Task: From the line with "2 Packs H7122" through the line with "instead of overwriting", repeat the entries verbatim, both end lines included, and add nothing.

Dataset extract:
"""

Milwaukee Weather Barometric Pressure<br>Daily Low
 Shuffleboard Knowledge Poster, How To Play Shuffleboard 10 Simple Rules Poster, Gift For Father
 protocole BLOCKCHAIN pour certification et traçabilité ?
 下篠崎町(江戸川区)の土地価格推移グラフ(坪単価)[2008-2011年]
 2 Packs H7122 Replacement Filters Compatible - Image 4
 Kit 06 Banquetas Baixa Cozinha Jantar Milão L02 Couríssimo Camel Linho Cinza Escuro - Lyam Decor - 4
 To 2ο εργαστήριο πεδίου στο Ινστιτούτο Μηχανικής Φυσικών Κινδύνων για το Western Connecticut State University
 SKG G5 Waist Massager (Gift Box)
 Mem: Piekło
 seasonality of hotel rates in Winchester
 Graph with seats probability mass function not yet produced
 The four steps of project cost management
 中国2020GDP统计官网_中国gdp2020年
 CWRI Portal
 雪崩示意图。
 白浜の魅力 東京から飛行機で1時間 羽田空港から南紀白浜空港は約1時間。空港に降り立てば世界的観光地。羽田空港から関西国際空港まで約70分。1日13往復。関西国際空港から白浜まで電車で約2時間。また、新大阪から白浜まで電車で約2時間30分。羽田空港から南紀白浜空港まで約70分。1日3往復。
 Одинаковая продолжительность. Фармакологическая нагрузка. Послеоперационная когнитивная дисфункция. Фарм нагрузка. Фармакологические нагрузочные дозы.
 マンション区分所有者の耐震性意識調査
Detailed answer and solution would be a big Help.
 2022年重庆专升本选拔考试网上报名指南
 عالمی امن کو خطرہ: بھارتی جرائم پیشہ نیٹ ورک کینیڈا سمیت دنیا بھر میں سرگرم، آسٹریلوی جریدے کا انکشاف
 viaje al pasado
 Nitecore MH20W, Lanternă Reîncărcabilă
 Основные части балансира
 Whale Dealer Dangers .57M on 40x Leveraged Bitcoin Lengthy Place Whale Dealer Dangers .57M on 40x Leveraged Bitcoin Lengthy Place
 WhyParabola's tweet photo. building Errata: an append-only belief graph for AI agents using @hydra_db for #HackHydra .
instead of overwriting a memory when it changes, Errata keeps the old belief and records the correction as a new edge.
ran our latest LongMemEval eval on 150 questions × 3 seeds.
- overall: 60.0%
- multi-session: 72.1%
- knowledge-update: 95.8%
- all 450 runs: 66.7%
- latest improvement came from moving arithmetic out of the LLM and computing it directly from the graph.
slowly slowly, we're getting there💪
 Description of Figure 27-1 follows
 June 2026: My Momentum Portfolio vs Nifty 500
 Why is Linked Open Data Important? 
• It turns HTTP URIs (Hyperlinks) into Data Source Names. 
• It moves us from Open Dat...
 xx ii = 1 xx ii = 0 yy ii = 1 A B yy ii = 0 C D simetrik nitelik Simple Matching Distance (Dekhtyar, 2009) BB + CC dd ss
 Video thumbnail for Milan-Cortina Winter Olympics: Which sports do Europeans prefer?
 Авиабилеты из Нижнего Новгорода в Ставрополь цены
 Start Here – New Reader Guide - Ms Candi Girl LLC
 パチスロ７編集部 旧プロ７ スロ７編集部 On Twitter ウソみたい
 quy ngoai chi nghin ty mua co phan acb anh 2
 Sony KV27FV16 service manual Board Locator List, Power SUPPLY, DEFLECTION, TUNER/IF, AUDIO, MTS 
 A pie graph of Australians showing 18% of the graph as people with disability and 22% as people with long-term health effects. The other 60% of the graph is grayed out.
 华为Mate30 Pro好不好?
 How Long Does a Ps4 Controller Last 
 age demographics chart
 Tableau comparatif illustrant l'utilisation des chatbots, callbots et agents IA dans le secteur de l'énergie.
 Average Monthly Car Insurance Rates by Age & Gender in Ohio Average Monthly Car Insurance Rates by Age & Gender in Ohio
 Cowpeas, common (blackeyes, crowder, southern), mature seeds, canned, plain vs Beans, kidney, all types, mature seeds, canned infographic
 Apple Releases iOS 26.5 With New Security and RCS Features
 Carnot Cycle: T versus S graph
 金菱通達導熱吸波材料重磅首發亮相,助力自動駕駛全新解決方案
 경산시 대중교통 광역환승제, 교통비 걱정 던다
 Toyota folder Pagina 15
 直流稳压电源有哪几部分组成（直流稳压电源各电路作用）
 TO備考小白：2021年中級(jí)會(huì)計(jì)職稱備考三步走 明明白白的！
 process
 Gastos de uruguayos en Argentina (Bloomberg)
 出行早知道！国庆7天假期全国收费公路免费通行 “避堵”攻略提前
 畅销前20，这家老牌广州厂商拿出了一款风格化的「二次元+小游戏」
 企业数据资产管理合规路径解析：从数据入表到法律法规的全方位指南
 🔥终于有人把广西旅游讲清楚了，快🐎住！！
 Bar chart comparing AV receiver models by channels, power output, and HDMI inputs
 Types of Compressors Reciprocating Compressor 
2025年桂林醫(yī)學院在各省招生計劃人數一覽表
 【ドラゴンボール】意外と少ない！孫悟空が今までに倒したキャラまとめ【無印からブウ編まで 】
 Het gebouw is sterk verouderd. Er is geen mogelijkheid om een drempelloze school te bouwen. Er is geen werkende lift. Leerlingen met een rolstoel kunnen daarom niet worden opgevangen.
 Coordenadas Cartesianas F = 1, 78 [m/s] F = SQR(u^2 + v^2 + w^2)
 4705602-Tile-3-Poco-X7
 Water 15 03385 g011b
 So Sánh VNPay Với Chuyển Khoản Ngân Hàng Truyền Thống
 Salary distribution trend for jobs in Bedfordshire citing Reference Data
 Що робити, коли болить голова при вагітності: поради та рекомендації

"""

Result of the exercise:
 2 Packs H7122 Replacement Filters Compatible - Image 4
 Kit 06 Banquetas Baixa Cozinha Jantar Milão L02 Couríssimo Camel Linho Cinza Escuro - Lyam Decor - 4
 To 2ο εργαστήριο πεδίου στο Ινστιτούτο Μηχανικής Φυσικών Κινδύνων για το Western Connecticut State University
 SKG G5 Waist Massager (Gift Box)
 Mem: Piekło
 seasonality of hotel rates in Winchester
 Graph with seats probability mass function not yet produced
 The four steps of project cost management
 中国2020GDP统计官网_中国gdp2020年
 CWRI Portal
 雪崩示意图。
 白浜の魅力 東京から飛行機で1時間 羽田空港から南紀白浜空港は約1時間。空港に降り立てば世界的観光地。羽田空港から関西国際空港まで約70分。1日13往復。関西国際空港から白浜まで電車で約2時間。また、新大阪から白浜まで電車で約2時間30分。羽田空港から南紀白浜空港まで約70分。1日3往復。
 Одинаковая продолжительность. Фармакологическая нагрузка. Послеоперационная когнитивная дисфункция. Фарм нагрузка. Фармакологические нагрузочные дозы.
 マンション区分所有者の耐震性意識調査
Detailed answer and solution would be a big Help.
 2022年重庆专升本选拔考试网上报名指南
 عالمی امن کو خطرہ: بھارتی جرائم پیشہ نیٹ ورک کینیڈا سمیت دنیا بھر میں سرگرم، آسٹریلوی جریدے کا انکشاف
 viaje al pasado
 Nitecore MH20W, Lanternă Reîncărcabilă
 Основные части балансира
 Whale Dealer Dangers .57M on 40x Leveraged Bitcoin Lengthy Place Whale Dealer Dangers .57M on 40x Leveraged Bitcoin Lengthy Place
 WhyParabola's tweet photo. building Errata: an append-only belief graph for AI agents using @hydra_db for #HackHydra .
instead of overwriting a memory when it changes, Errata keeps the old belief and records the correction as a new edge.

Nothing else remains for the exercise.